Tom Keegan: Bringing practice efficiency from the line into games Josh Jackson’s March challenge

Kansas freshman wing Josh Jackson hoists up a shot prior to Saturday's game against Oklahoma State at Allen Fieldhouse.

? For years, “Wake up!” followed by the player’s name or nickname has rolled off Kansas basketball coach Bill Self’s tongue probably as much as any other three-word combination.

Lately, “On your toes!” delivered with a softer tone from another spot on the bench has made its way onto the floor with regularity, except during the loss to TCU in a Big 12 tournament quarterfinal.

“Wake up!” and “On your toes!” can mean the same thing in some contexts, but not in this case.

Kurtis Townsend, the longest tenured assistant basketball coach in Kansas basketball history, is the one hollering “On your toes!”

And he only does so when Josh Jackson is at the free throw line.

“When he gets in the games, I don’t know if you notice this, when he does miss, he stands flat-footed and doesn’t get up on his toes,” said Townsend, in his 13th season as Self’s assistant. “So if you hear us yelling, ‘Hey, get on your toes!’ it’s because he doesn’t get up like that (demonstrates it in lobby of team hotel).”

So far, Jackson’s free-throw shooting has equated to Cindy Crawford’s mole, but he’s not far from solving the problem, according to Townsend, who has had a hand in Jackson’s vastly improved 3-point shooting.

“He’s so good in practice and it’s amazing that he’s that low of a percentage shooter,” Townsend said of Jackson, .559 from the line on the season.

So the coach asked the player for his opinion as to the source of the disparity.

“He said when he shoots them in practice he doesn’t even think about it,” Townsend said. “And then when he gets in the game, he’s kind of waiting for the ball to come to him and all this stuff is running through his head. So I think it’s all mental.”

It’s easier to shoot free throws in practice for reasons that range from shooting backgrounds to fatigue, to what’s at stake, so it’s reasonable to expect a player to shoot maybe as much as 10 percent better in practice, but Jackson’s gap is much greater than that, unusual for a player who performs consistently well in all other areas against tough competition in clutch situations.

“I really think he should be a 75-percent free-throw shooter,” Townsend said. “He’s got a really soft touch and we changed his stance a little bit. When he first got here, he shot it with all upper body, didn’t bend his knees at all. It’s way better and he shoots, I’m telling you, 80, 85 percent, in practice . . . but something happens in the games and it’s just mental, I think.”

Might a sports psychologist be able to lend advice?

“I don’t know if he would buy that,” Townsend said. “He’s just such a competitive guy. He would say, ‘No, no, I’m going to get better. I’ll make this better.'”
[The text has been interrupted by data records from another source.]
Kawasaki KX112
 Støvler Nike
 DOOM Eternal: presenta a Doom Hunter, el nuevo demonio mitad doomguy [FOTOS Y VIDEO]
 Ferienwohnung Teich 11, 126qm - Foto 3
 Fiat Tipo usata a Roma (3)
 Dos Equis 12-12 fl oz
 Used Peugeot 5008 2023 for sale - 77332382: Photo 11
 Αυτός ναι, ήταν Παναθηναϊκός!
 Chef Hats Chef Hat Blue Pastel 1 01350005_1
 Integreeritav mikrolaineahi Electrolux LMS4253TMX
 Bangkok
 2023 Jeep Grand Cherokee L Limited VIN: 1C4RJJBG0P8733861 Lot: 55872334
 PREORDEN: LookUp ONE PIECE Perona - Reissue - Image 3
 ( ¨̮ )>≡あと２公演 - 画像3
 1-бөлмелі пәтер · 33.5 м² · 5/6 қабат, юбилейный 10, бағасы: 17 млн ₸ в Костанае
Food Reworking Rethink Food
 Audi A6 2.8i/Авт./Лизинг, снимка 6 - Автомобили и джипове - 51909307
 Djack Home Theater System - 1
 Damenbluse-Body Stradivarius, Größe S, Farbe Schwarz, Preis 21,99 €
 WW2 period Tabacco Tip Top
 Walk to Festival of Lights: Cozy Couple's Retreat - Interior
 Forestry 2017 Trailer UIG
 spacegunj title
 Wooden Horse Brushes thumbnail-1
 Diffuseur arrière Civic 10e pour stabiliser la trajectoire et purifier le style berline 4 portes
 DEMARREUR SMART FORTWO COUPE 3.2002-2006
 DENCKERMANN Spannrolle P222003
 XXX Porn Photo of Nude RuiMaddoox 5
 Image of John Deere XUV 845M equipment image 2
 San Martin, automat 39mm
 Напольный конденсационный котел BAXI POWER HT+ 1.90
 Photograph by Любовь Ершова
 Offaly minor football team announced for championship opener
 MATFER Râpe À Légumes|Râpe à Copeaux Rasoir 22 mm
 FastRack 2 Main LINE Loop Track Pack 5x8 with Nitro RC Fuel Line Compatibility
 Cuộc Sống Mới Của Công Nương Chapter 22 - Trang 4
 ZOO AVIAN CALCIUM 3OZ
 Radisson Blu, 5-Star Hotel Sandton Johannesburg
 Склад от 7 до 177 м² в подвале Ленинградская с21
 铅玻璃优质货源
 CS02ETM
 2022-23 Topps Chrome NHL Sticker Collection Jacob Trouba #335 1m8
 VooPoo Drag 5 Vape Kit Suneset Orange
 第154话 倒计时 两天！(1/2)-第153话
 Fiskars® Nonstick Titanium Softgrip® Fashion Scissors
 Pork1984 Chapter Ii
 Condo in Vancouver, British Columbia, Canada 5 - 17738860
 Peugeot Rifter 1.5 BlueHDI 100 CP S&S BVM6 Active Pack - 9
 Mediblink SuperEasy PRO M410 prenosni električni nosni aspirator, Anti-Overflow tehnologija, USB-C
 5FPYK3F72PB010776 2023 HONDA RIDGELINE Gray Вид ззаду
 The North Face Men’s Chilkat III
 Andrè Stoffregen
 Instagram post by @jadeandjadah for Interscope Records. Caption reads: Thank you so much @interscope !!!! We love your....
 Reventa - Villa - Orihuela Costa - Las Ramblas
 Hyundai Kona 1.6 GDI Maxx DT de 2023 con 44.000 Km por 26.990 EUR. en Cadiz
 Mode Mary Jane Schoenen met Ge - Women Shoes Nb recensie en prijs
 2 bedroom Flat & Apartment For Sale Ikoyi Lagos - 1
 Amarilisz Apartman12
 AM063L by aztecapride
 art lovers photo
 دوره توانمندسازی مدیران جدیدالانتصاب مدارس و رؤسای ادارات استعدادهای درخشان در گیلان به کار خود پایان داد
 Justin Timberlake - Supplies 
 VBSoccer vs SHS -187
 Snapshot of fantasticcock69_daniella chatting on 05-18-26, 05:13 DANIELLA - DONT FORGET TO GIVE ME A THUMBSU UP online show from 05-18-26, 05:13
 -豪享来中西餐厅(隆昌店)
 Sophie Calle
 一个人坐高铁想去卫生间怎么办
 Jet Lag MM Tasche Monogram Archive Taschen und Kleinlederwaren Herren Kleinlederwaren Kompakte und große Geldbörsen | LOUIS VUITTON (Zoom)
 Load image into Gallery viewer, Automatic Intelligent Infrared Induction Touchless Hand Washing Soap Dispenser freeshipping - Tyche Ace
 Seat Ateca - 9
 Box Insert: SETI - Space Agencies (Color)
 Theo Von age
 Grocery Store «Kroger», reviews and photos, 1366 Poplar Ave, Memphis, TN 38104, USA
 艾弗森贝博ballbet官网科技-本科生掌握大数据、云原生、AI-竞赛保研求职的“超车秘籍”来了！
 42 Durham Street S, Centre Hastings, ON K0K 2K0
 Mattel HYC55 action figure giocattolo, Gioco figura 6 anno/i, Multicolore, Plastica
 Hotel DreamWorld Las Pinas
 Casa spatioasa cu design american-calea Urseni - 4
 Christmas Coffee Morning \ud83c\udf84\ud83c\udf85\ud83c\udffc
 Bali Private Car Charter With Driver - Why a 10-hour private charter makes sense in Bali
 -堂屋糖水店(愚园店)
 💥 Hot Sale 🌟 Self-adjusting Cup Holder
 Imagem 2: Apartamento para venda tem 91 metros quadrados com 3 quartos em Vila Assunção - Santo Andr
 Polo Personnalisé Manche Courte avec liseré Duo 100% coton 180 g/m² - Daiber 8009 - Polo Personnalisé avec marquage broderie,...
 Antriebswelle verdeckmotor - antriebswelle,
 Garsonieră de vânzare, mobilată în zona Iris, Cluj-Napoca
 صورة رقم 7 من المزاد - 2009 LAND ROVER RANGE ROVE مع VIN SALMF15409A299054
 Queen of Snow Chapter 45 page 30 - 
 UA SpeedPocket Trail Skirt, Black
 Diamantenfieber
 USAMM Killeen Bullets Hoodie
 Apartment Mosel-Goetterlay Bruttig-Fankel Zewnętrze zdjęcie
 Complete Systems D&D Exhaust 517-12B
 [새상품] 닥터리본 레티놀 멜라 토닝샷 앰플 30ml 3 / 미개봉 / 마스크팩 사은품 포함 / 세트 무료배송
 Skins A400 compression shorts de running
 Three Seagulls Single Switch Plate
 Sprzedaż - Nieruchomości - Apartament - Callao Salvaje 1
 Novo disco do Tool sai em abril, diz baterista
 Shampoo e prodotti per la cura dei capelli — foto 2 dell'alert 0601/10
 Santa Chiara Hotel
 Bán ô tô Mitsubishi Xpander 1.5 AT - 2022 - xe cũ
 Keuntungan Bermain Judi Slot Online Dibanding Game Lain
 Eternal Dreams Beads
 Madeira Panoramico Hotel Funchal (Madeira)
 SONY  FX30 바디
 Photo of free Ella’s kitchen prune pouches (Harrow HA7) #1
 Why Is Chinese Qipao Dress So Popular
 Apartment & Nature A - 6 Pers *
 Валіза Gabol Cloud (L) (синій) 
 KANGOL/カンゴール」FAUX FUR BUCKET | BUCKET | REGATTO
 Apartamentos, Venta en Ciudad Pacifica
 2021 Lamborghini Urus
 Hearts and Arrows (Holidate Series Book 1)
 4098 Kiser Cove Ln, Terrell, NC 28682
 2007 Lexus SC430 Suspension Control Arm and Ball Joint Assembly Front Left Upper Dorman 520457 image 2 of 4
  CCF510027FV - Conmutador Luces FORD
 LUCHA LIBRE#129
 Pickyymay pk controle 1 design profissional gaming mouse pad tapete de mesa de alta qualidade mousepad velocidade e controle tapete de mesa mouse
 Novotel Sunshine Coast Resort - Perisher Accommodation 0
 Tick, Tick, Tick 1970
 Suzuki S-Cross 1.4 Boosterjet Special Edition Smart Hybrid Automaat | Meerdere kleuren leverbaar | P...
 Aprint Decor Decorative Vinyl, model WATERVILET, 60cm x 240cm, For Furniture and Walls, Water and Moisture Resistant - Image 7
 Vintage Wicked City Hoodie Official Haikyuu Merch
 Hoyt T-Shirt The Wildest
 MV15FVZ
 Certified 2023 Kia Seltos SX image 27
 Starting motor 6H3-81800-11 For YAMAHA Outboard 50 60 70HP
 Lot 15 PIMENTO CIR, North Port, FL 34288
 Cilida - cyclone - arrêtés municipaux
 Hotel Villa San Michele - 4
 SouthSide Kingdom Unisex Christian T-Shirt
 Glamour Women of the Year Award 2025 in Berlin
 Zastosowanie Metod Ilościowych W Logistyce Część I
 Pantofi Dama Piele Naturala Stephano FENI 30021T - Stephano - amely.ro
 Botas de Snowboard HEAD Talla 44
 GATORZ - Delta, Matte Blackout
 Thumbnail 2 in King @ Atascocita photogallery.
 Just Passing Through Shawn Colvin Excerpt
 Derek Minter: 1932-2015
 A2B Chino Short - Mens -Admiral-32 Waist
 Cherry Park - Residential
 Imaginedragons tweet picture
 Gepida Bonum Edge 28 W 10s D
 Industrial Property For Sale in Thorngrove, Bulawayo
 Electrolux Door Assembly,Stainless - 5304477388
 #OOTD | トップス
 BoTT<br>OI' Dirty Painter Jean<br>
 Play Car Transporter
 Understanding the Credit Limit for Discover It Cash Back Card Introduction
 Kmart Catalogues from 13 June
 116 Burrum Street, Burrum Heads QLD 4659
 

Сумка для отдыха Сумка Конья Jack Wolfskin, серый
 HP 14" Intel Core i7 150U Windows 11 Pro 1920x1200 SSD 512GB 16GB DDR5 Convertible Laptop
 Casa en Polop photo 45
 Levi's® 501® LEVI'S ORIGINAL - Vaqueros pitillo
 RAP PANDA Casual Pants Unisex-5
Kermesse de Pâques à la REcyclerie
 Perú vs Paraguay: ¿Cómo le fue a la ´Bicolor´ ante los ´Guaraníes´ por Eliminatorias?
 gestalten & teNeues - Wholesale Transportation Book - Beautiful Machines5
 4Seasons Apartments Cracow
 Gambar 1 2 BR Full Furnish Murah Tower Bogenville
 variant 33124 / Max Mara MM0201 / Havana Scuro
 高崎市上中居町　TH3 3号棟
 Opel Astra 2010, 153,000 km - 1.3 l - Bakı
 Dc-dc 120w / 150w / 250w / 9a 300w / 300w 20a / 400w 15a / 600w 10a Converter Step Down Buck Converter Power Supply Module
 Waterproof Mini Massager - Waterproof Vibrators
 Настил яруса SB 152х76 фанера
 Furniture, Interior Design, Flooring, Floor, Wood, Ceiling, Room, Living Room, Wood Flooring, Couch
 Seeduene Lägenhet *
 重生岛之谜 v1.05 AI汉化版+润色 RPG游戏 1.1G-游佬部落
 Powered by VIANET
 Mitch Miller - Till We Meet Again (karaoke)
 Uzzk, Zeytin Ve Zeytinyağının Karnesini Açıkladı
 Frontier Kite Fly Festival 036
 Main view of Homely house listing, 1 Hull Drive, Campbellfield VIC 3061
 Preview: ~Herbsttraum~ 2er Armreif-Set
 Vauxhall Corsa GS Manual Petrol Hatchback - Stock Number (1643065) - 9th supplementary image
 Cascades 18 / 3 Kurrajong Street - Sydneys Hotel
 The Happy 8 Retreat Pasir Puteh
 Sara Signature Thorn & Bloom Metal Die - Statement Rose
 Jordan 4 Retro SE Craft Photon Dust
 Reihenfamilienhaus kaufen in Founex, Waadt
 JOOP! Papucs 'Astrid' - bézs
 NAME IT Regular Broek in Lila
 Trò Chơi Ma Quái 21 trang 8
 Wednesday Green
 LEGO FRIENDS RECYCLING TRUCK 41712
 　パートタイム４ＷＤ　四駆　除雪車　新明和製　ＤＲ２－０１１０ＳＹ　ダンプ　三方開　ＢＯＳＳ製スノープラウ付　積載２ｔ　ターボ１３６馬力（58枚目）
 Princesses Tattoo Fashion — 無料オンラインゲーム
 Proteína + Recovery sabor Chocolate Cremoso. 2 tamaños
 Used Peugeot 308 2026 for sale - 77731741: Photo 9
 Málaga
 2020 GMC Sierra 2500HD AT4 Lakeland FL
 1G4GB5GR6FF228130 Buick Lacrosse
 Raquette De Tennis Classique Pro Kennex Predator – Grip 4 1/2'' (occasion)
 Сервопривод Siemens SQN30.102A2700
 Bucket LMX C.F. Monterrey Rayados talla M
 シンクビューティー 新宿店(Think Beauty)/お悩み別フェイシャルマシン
Everybody starts with the same NCAA tournament free-throw percentage, so the clean slate might help to clean whatever is holding him back. Stranger things have happened in March than if Jackson were to shoot 75 percent from the line from here to the end of his college career. After all, this is the same player who his first 18 games for Kansas made 8 of 38 3-pointers, and in his next 13 made 21 of 39.